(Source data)
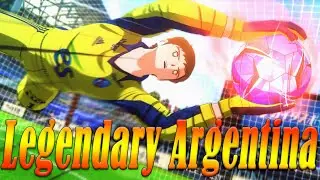 More Than One Legendary In Argentina | Captain Tsubasa: Rise Of New Champions
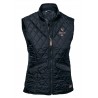 Bodywarmer matelassé Premium Femme Champagne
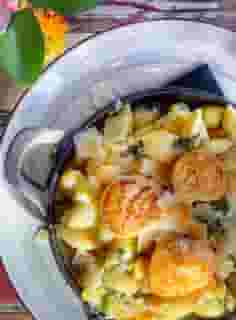 seafood mac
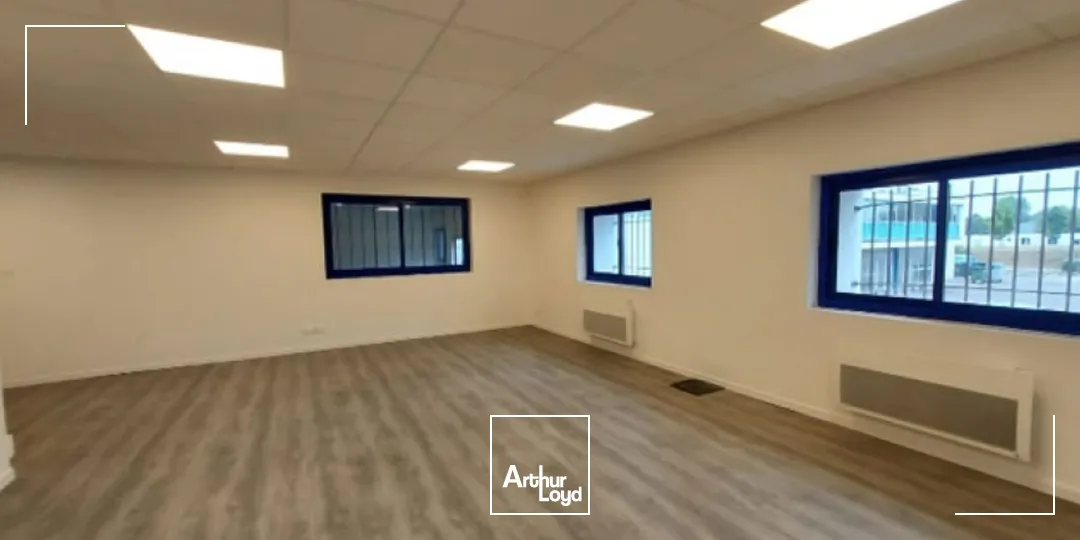 Locaux d'activité & Entrepôts - Location - ARTIGUES PRES BORDEAUX - 33370 - 694-694 - 7759175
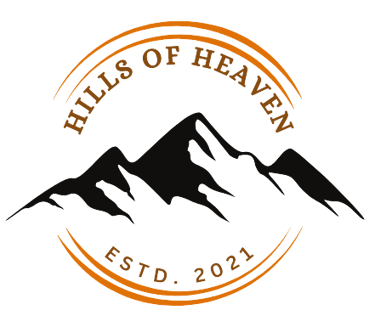 HILLS OF HEAVEN Travel Agency logo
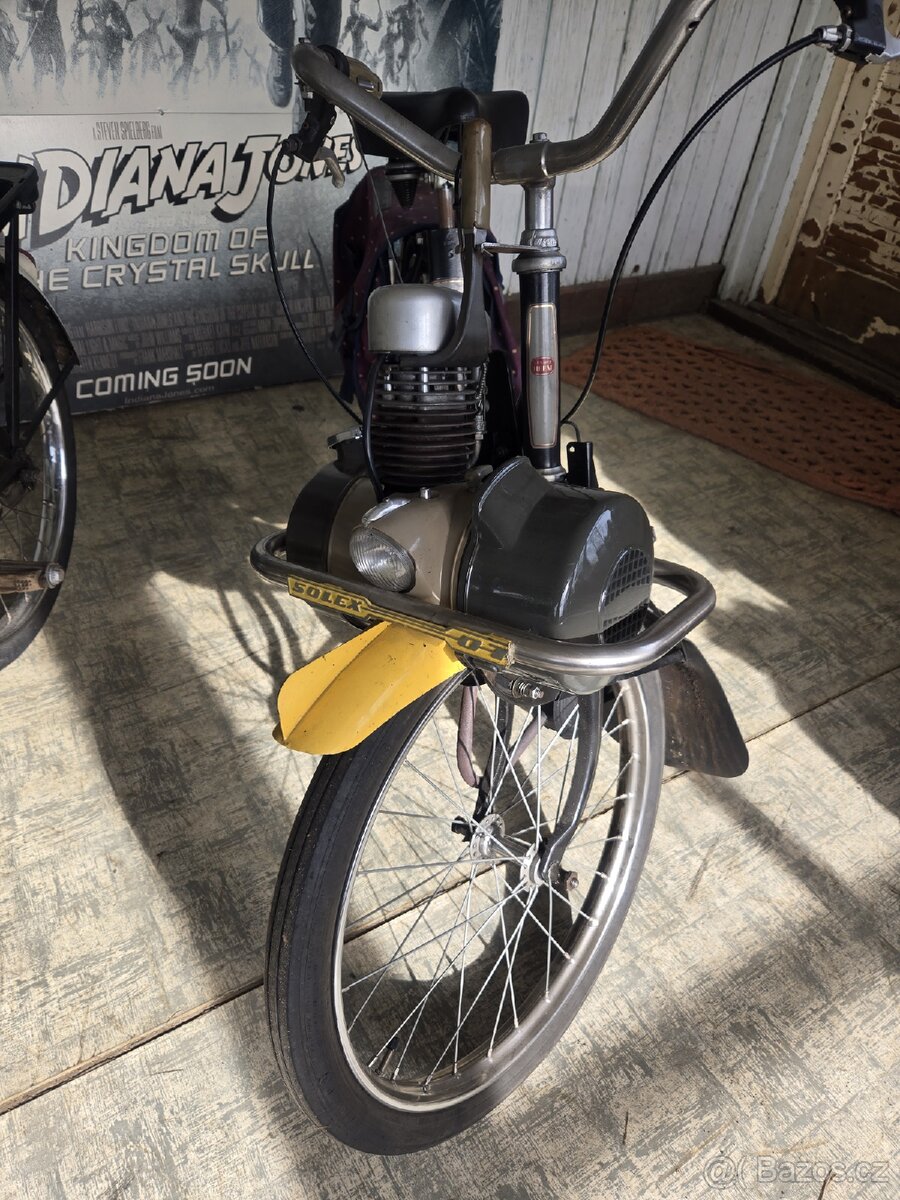 MOPEDY/MOTOKOLA SOLEX - 3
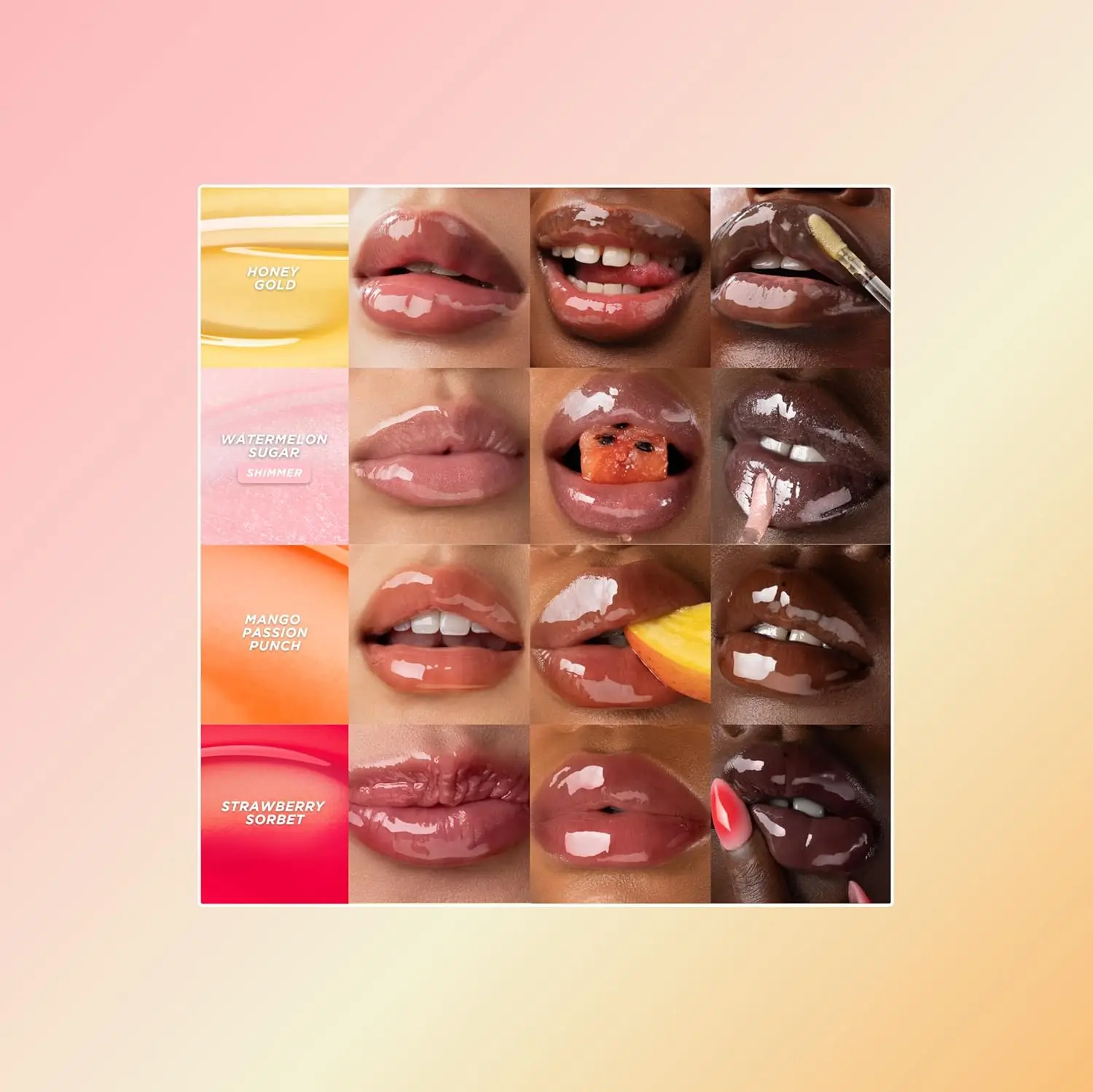 81PBr81os7L._SL1500_ Gisou Honey Infused Hydrating Lip Oil - Image 3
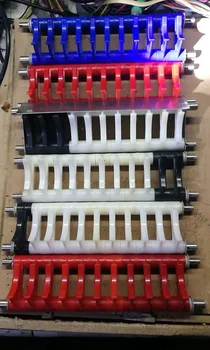 6x направляющих (2bf, Cd и 3 Stb.) Для минилаборатории Doli O810 Сделано в Китае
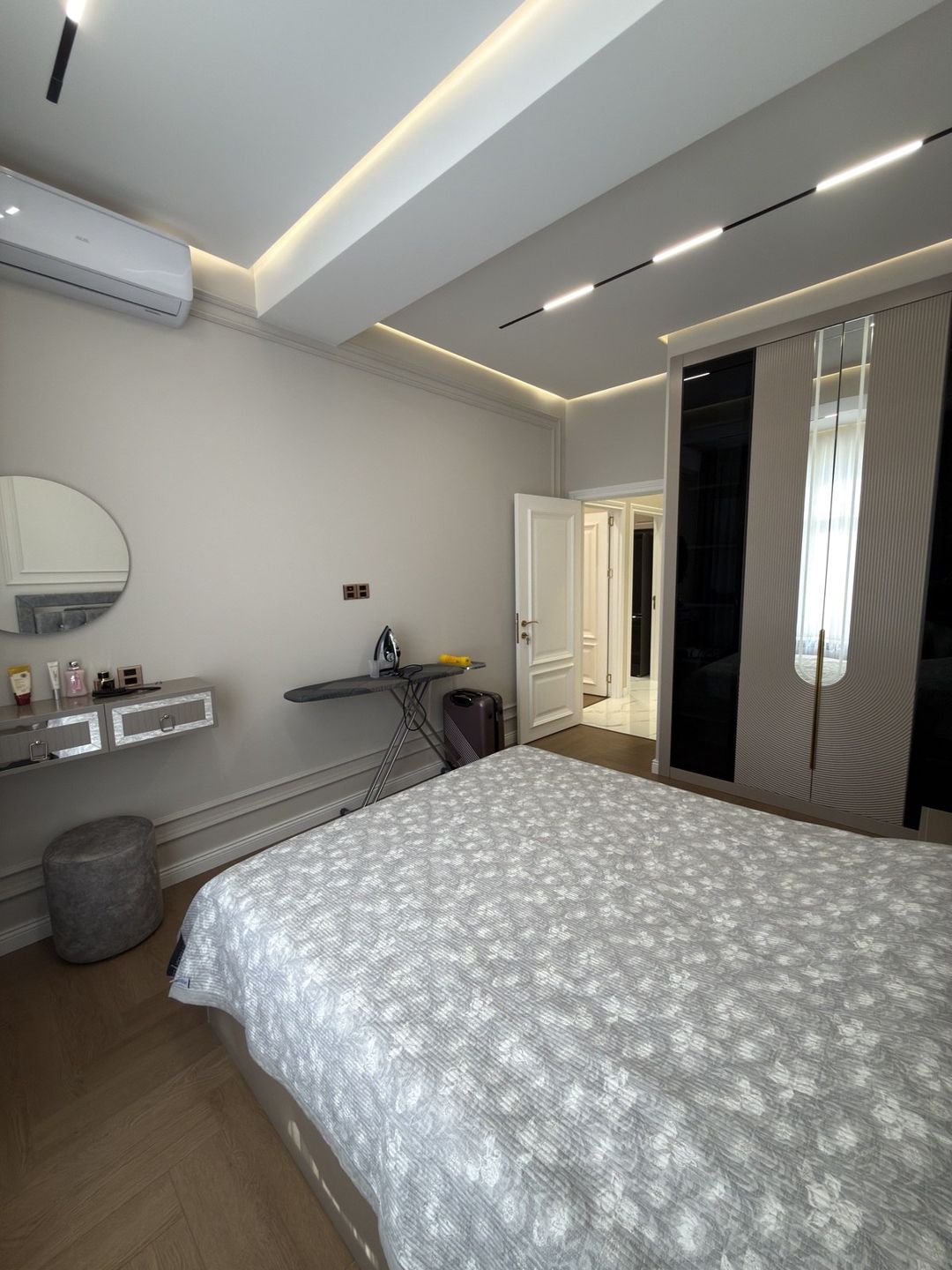 İcarəyə verilir 2 otaqlı yeni tikili 72 m² — Mənzil, Bakı (10)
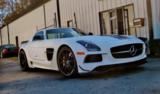 Mercedes SLS AMG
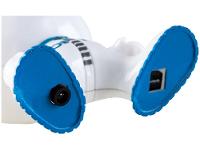 Robô Voador com Movimento Quadricópteros - 7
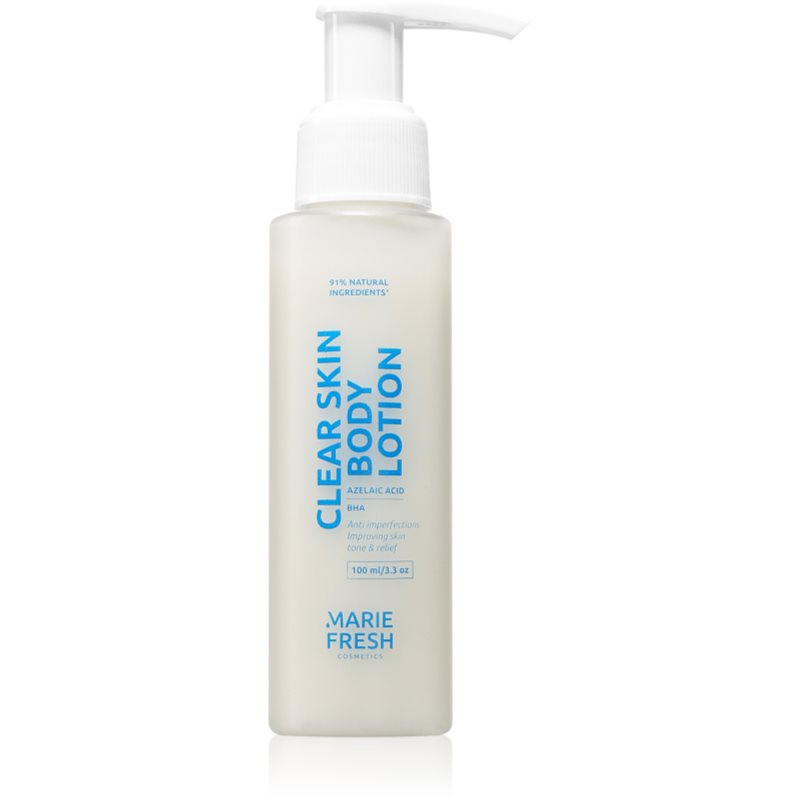 Marie Fresh Cosmetics Clear...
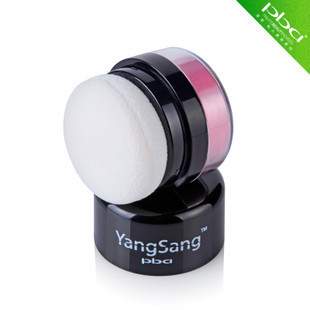 Post-PBA 3D three-dimensional volume blush Rouge original 5G red delicate light makeup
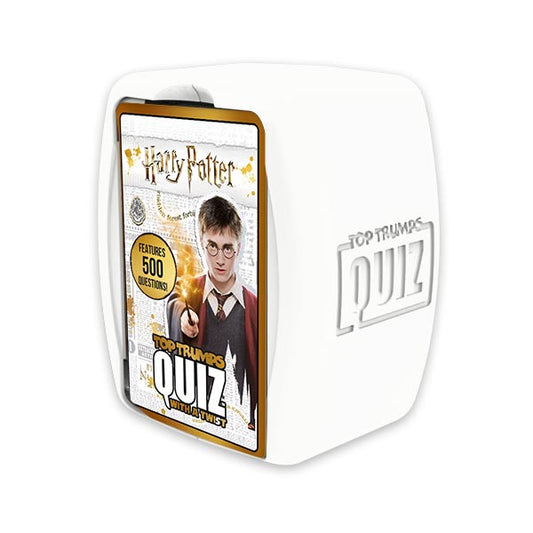TOP TRUMPS | HARRY POTTER QUIZ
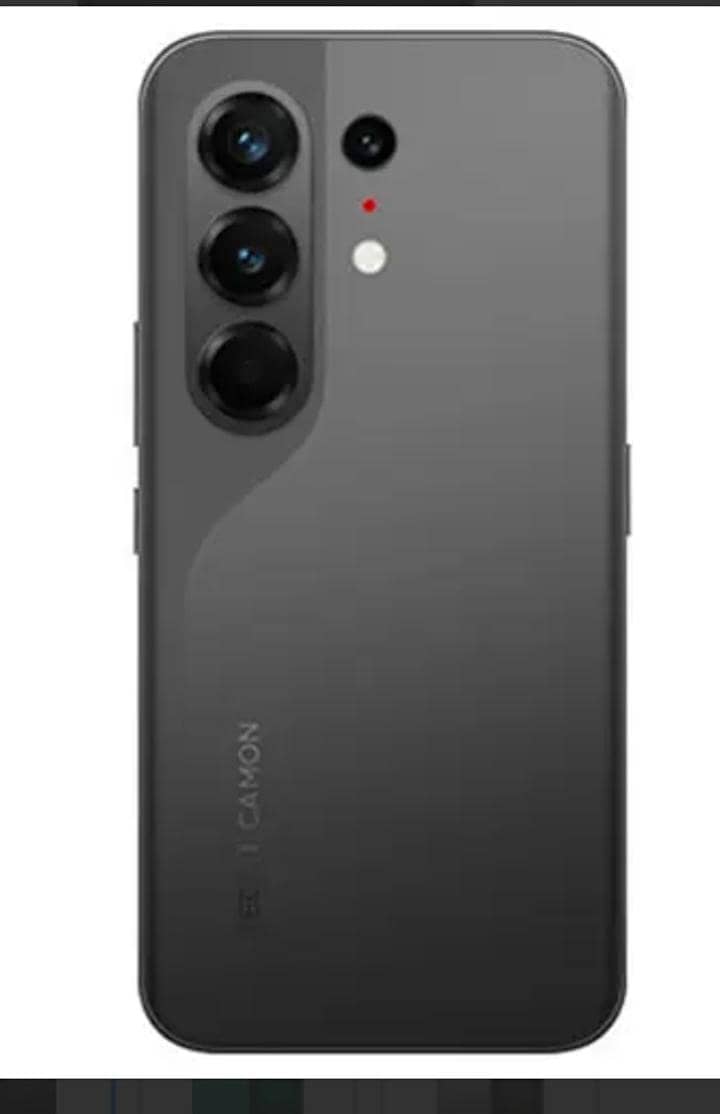 Tecno camon50pro 1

→ What the exercise asks
Print only the lines from the one with "seafood mac" through the last line of the data above, exactly and with both ends, and please omit any pictures.

→ Expected output
 seafood mac
 Locaux d'activité & Entrepôts - Location - ARTIGUES PRES BORDEAUX - 33370 - 694-694 - 7759175
 HILLS OF HEAVEN Travel Agency logo
 MOPEDY/MOTOKOLA SOLEX - 3
 81PBr81os7L._SL1500_ Gisou Honey Infused Hydrating Lip Oil - Image 3
 6x направляющих (2bf, Cd и 3 Stb.) Для минилаборатории Doli O810 Сделано в Китае
 İcarəyə verilir 2 otaqlı yeni tikili 72 m² — Mənzil, Bakı (10)
 Mercedes SLS AMG
 Robô Voador com Movimento Quadricópteros - 7
 Marie Fresh Cosmetics Clear...
 Post-PBA 3D three-dimensional volume blush Rouge original 5G red delicate light makeup
TOP TRUMPS | HARRY POTTER QUIZ
 Tecno camon50pro 1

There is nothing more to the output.